• _Brief descriptive captions_:
-- -- --

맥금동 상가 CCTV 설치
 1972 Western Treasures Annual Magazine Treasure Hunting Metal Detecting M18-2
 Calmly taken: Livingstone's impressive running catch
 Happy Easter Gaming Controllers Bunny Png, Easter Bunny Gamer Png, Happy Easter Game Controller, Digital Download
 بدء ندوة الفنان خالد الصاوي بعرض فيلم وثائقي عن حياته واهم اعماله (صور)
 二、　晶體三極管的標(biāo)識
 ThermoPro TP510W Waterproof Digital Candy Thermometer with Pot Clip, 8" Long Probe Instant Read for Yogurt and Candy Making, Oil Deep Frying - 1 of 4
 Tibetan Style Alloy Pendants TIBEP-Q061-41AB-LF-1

-- -- --

• _WHAT TO PRODUCE_: Among the entries, find each line that includes the string "Digital" and copy it.

• _REPLY_:
 Happy Easter Gaming Controllers Bunny Png, Easter Bunny Gamer Png, Happy Easter Game Controller, Digital Download
 ThermoPro TP510W Waterproof Digital Candy Thermometer with Pot Clip, 8" Long Probe Instant Read for Yogurt and Candy Making, Oil Deep Frying - 1 of 4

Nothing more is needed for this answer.